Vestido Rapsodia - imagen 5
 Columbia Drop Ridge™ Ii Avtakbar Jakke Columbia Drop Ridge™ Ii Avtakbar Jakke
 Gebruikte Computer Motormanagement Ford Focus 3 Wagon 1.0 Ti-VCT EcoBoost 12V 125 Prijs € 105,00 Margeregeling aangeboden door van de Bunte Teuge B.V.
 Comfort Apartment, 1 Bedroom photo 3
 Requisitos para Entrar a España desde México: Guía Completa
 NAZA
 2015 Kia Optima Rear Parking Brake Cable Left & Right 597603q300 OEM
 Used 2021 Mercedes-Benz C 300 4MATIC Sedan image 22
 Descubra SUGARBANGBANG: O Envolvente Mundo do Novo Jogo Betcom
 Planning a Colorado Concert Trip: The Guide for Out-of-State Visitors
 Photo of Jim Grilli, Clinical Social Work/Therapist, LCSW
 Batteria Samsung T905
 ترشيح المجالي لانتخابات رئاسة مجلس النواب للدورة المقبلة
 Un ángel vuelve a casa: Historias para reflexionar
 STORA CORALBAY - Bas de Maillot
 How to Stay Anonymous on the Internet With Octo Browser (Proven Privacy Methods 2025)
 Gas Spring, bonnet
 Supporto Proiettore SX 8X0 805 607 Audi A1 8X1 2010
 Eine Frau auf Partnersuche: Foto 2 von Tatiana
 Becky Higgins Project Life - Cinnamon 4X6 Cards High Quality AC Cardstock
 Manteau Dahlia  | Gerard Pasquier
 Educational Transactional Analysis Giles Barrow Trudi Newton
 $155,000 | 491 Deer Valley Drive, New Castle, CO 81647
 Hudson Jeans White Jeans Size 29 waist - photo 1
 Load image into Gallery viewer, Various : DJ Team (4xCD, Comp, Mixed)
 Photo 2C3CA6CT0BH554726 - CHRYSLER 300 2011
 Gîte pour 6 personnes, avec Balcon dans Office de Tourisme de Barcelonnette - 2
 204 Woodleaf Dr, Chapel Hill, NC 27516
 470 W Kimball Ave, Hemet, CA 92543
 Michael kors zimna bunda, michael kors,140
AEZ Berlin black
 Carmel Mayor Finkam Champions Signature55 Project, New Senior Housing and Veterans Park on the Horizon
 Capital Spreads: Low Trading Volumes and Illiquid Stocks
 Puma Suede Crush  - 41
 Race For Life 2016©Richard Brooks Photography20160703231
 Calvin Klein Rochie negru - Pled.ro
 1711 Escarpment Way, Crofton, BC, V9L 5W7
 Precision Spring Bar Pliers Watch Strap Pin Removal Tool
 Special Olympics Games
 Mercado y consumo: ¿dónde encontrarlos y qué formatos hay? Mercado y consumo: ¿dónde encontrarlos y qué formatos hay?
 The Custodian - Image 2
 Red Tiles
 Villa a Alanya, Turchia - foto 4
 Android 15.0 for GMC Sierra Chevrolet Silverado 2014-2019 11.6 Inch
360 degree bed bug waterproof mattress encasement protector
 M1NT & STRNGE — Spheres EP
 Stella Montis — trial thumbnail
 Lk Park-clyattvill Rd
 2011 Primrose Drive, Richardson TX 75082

──────────────────────────────

--- WORK INSTRUCTIONS ---
Of the entries listed above, reproduce only the lines starting at the line containing "Batteria Samsung T905" and ending at the line containing "Calvin Klein Rochie negru - Pled.ro". Include both, exactly as they stand.

--- OUTPUT OF THE EXERCISE ---
 Batteria Samsung T905
 ترشيح المجالي لانتخابات رئاسة مجلس النواب للدورة المقبلة
 Un ángel vuelve a casa: Historias para reflexionar
 STORA CORALBAY - Bas de Maillot
 How to Stay Anonymous on the Internet With Octo Browser (Proven Privacy Methods 2025)
 Gas Spring, bonnet
 Supporto Proiettore SX 8X0 805 607 Audi A1 8X1 2010
 Eine Frau auf Partnersuche: Foto 2 von Tatiana
 Becky Higgins Project Life - Cinnamon 4X6 Cards High Quality AC Cardstock
 Manteau Dahlia  | Gerard Pasquier
 Educational Transactional Analysis Giles Barrow Trudi Newton
 $155,000 | 491 Deer Valley Drive, New Castle, CO 81647
 Hudson Jeans White Jeans Size 29 waist - photo 1
 Load image into Gallery viewer, Various : DJ Team (4xCD, Comp, Mixed)
 Photo 2C3CA6CT0BH554726 - CHRYSLER 300 2011
 Gîte pour 6 personnes, avec Balcon dans Office de Tourisme de Barcelonnette - 2
 204 Woodleaf Dr, Chapel Hill, NC 27516
 470 W Kimball Ave, Hemet, CA 92543
 Michael kors zimna bunda, michael kors,140
AEZ Berlin black
 Carmel Mayor Finkam Champions Signature55 Project, New Senior Housing and Veterans Park on the Horizon
 Capital Spreads: Low Trading Volumes and Illiquid Stocks
 Puma Suede Crush  - 41
 Race For Life 2016©Richard Brooks Photography20160703231
 Calvin Klein Rochie negru - Pled.ro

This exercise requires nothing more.